┌─ Provided material

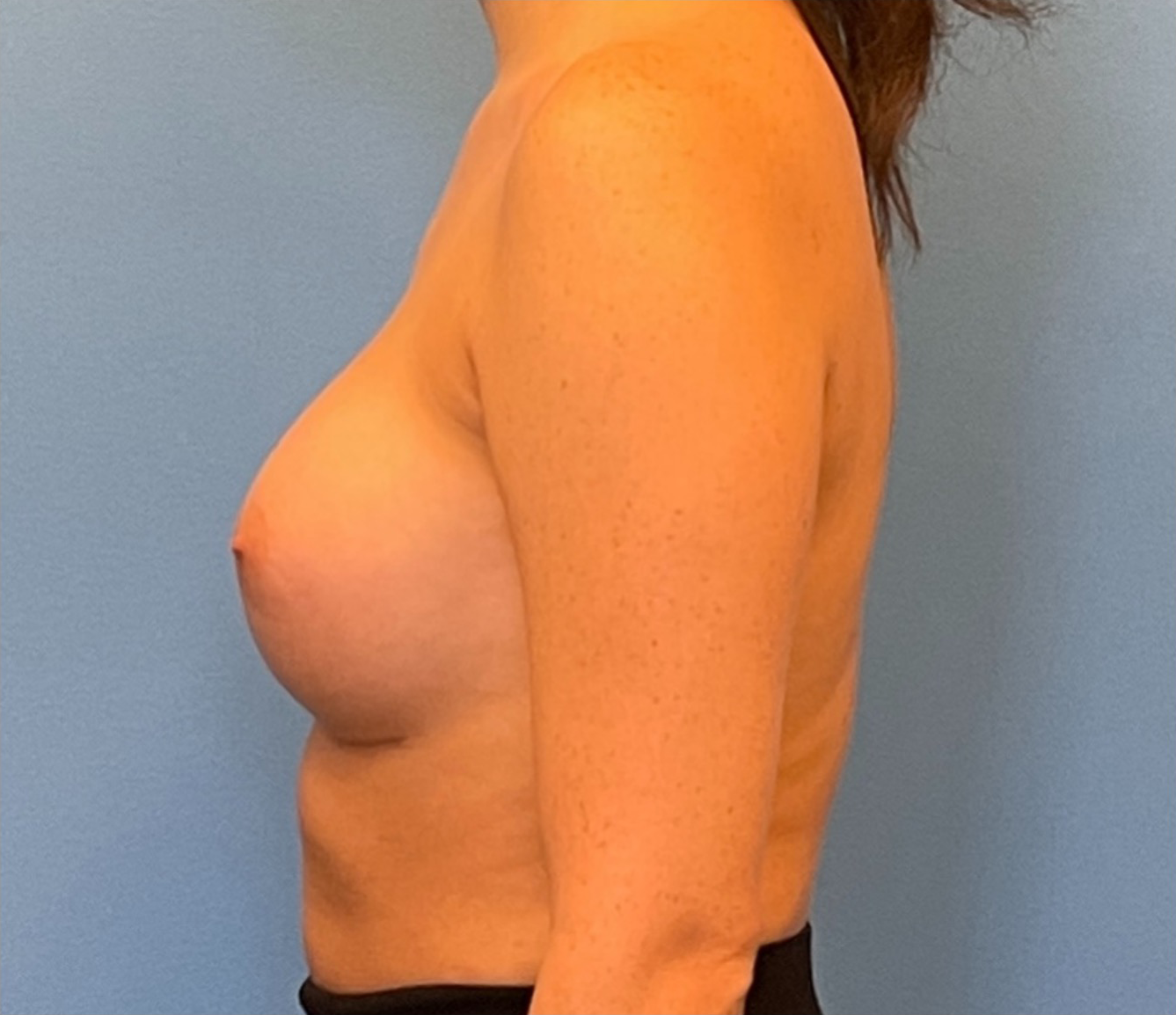 Breast-Augmentation-Case--224 | After Breast 2
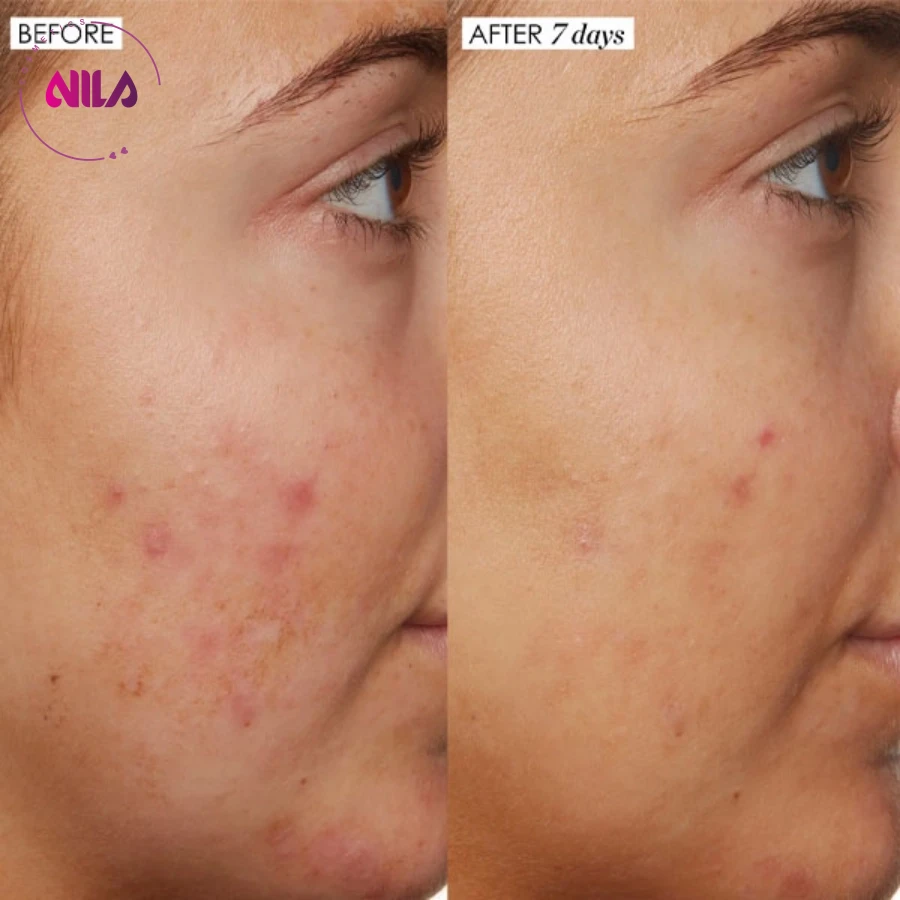 سرم ضد جوش نیاسینامید 10% + زینک 1% اوردینری اصل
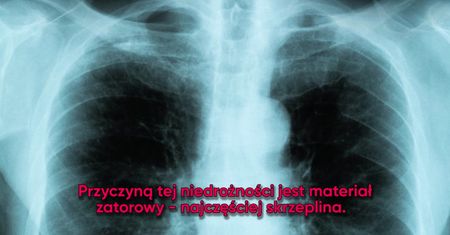 Zawał płuca. Może dawać nietypowe objawy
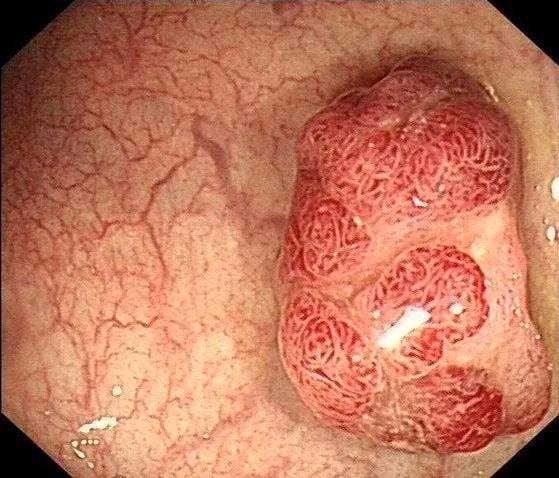Polyp đường ruột có phát triển thành ung thư ruột kết? Polyp duong ruot co phat trien thanh ung thu ruot ket?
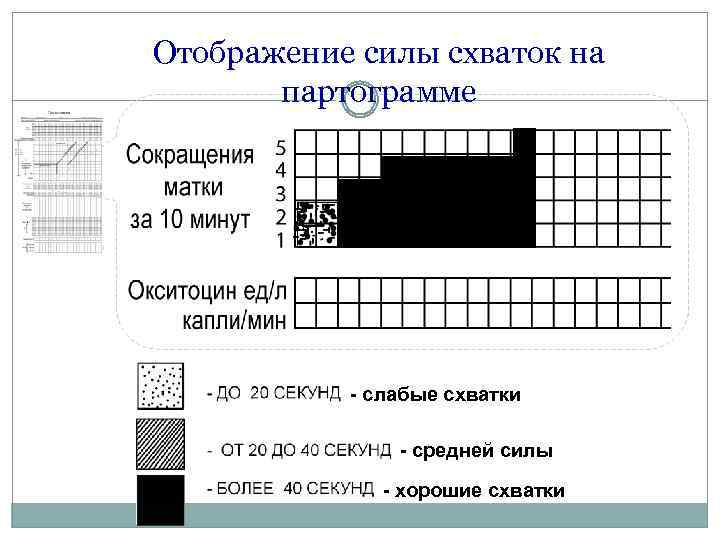 Отображение силы схваток на партограмме - слабые схватки - средней силы - хорошие схватки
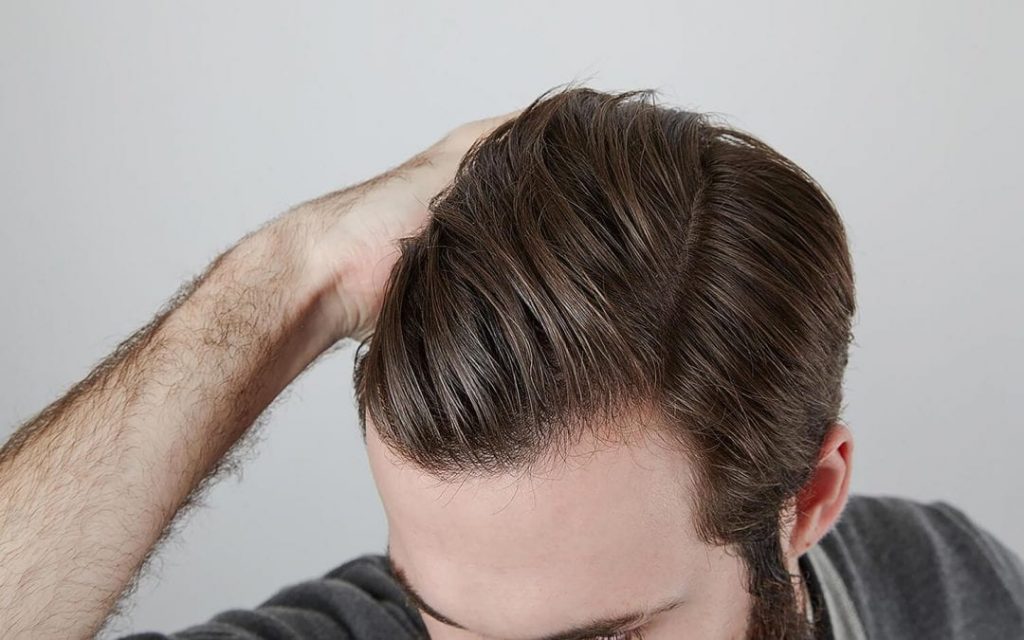 Si se te cae el cabello es porque te falta Vitamina A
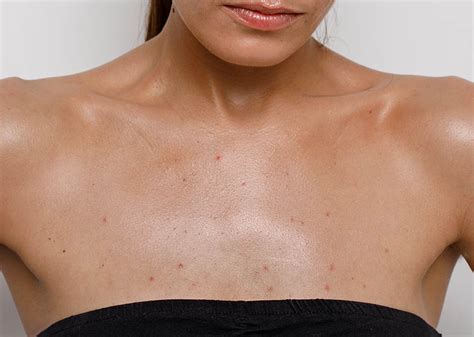 6 Pro Tips To Get Rid Of Chest Acne Raederma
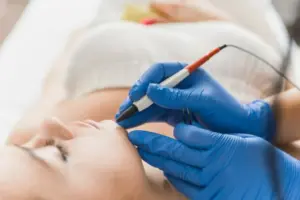 Професійне навчання електроепіляції в Тернополі: Ваша нова кар’єра з Lazerka.org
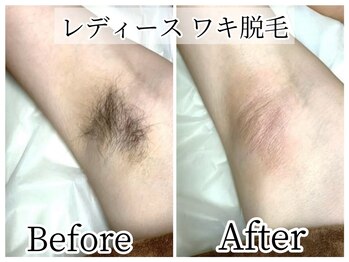 イデアルボーテ/脱毛初心者でも安心の都度払い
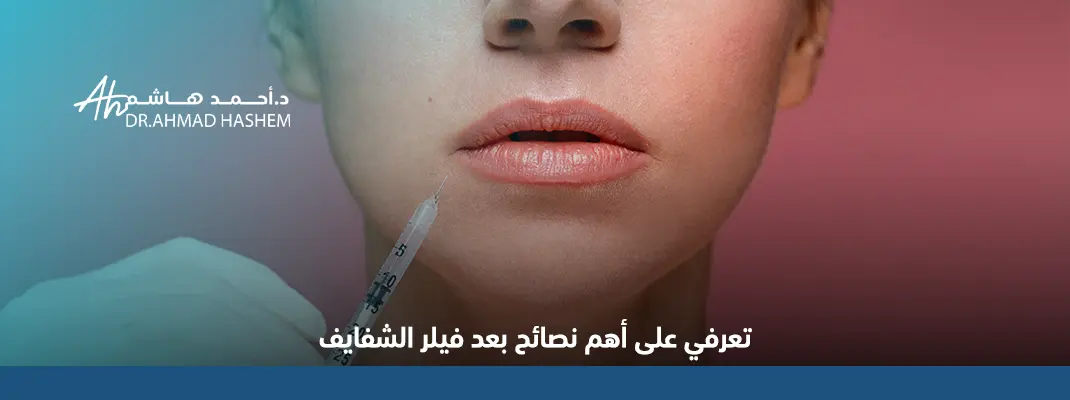 نصائح بعد فيلر الشفايف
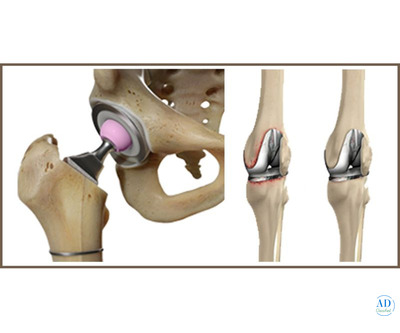 Revision Knee & Hip Replacement Surgery | Elite Ortho India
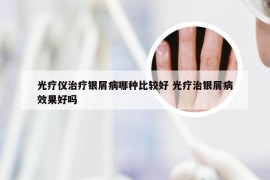 光疗仪治疗银屑病哪种比较好 光疗治银屑病效果好吗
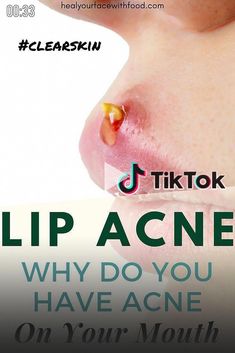 Acne Above Lip Meaning, How To Remove Blackheads From Lip Line, How To Get Rid Of Acne Around Mouth, Lip Pimple How To Get Rid Of, Lip Pimple Remedies Overnight, How To Get Rid Of Lip Pimples, Lip Acne, Pimples On Lip Line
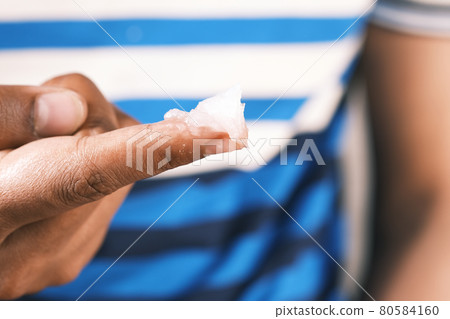 Close up of man hand using petroleum jelly  80584160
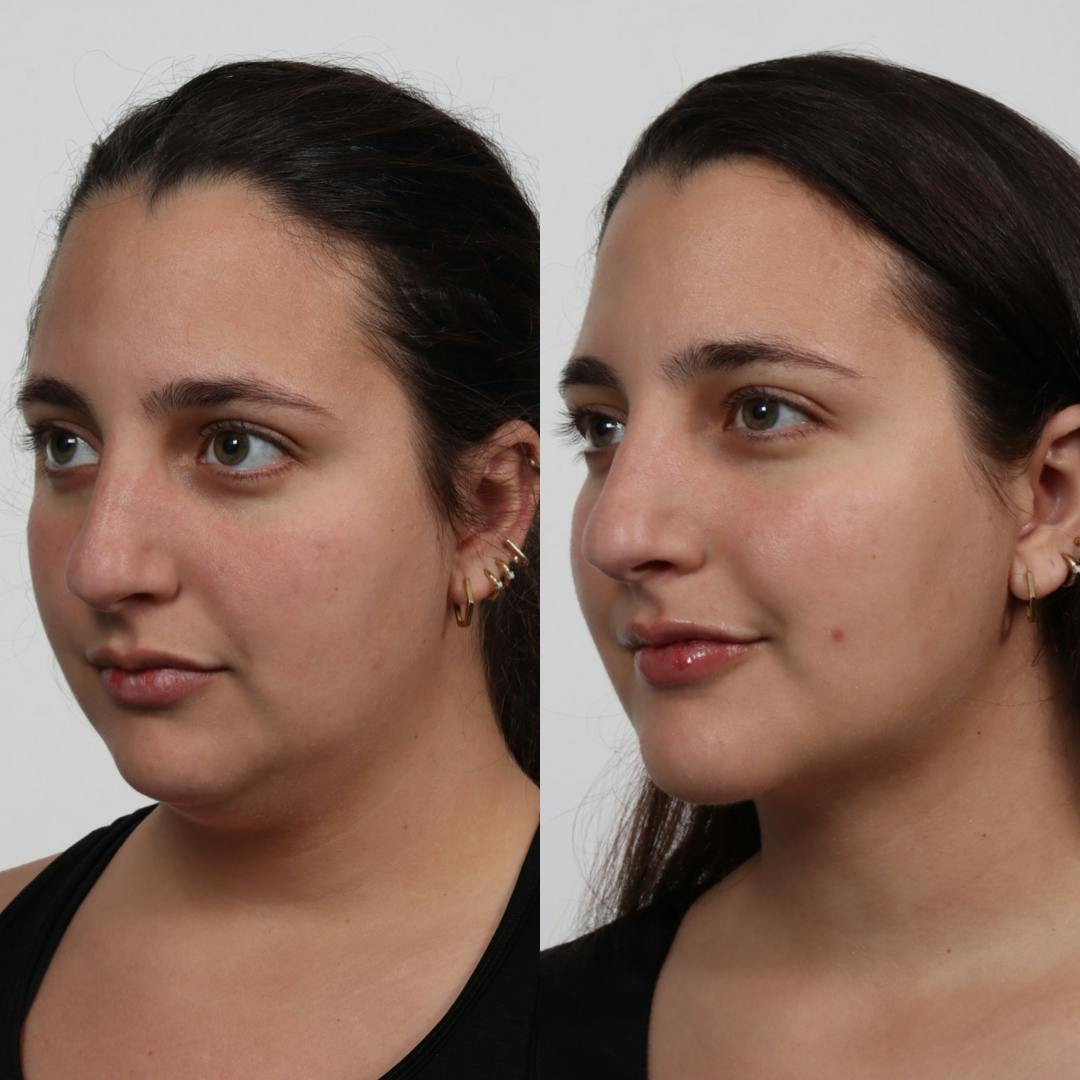 Deep Neck Lift Before & After Gallery - Patient 100876850 - Image 4
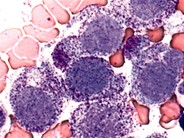 Mast Cell Leukemia - 1.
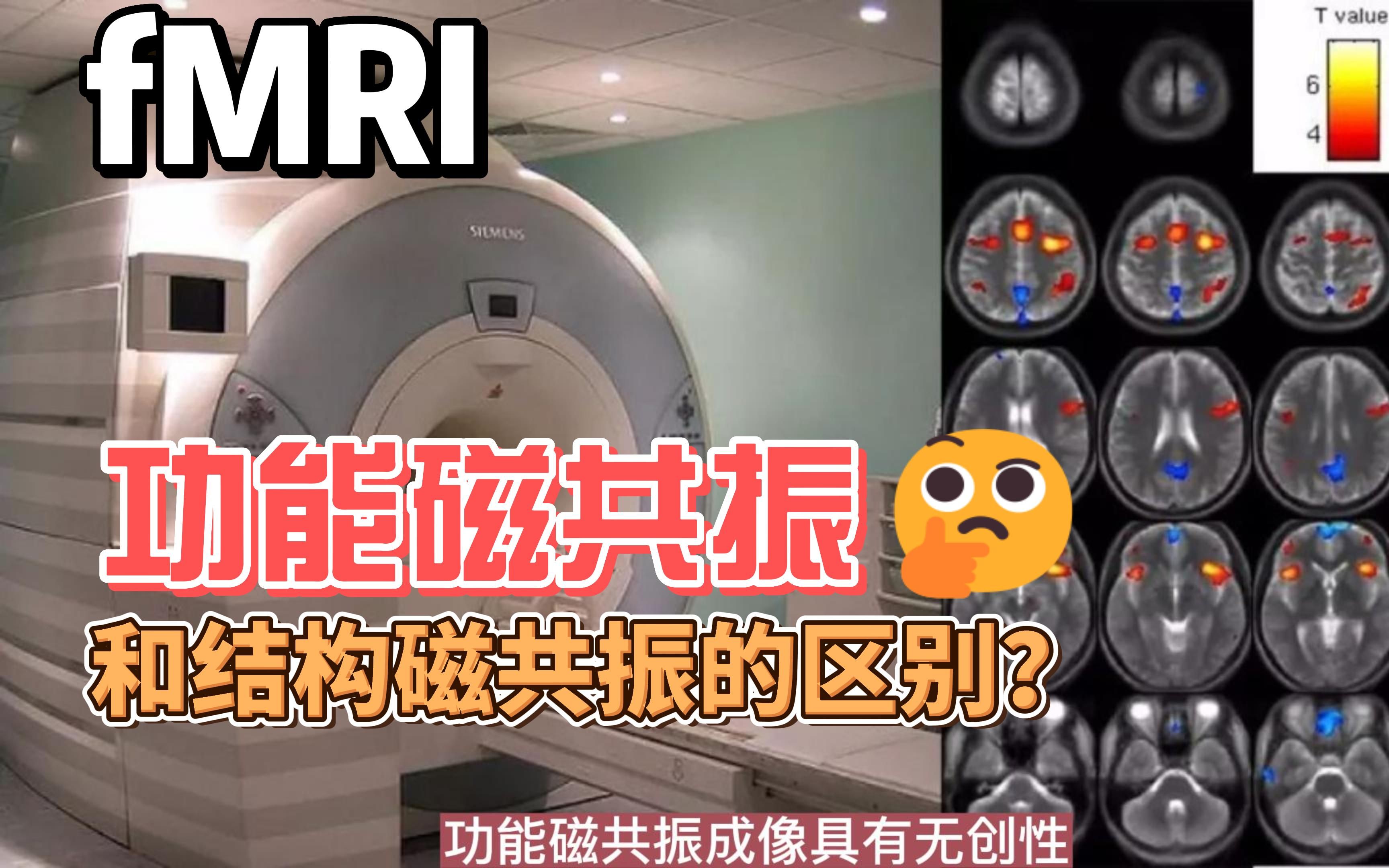 【基础知识】什么是功能磁共振fMRI,和结构像MRI区别是什么?平面回波成像(EPI)是什么?哔哩哔哩bilibili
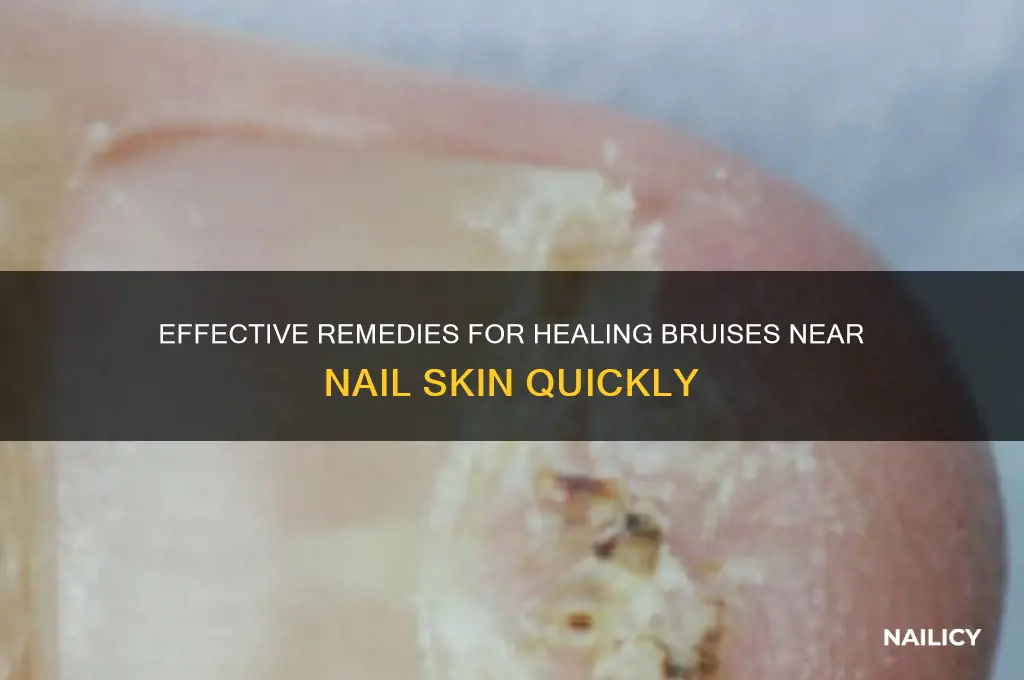 how to cure bruises near the nail skin
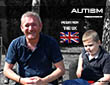 Stem Cell therapy for Autism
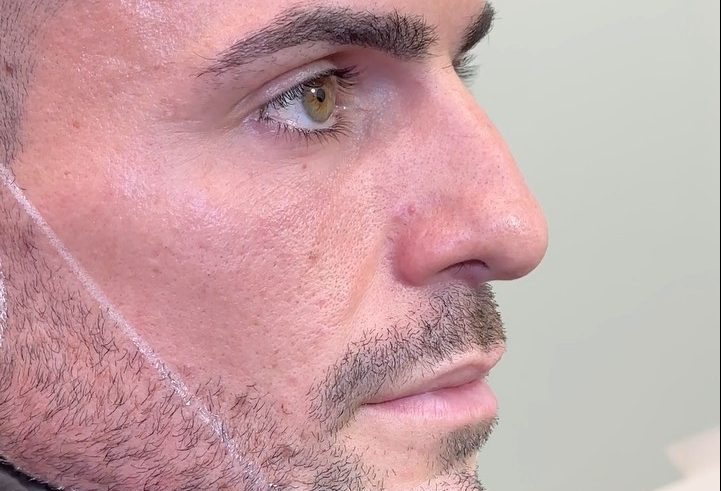 Mandíbula de Diamante - Masculinización Facial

└─

**Task description**
Above are entries with pictures among them. Write out exactly the lines from the one containing "Si se te cae" through the one containing "光疗仪治疗银屑病哪种比较好 光疗治银屑病效果好吗", ends included, and leave those pictures out.

**Answer box**
 Si se te cae el cabello es porque te falta Vitamina A
 6 Pro Tips To Get Rid Of Chest Acne Raederma
 Професійне навчання електроепіляції в Тернополі: Ваша нова кар’єра з Lazerka.org
 イデアルボーテ/脱毛初心者でも安心の都度払い
 نصائح بعد فيلر الشفايف
 Revision Knee & Hip Replacement Surgery | Elite Ortho India
 光疗仪治疗银屑病哪种比较好 光疗治银屑病效果好吗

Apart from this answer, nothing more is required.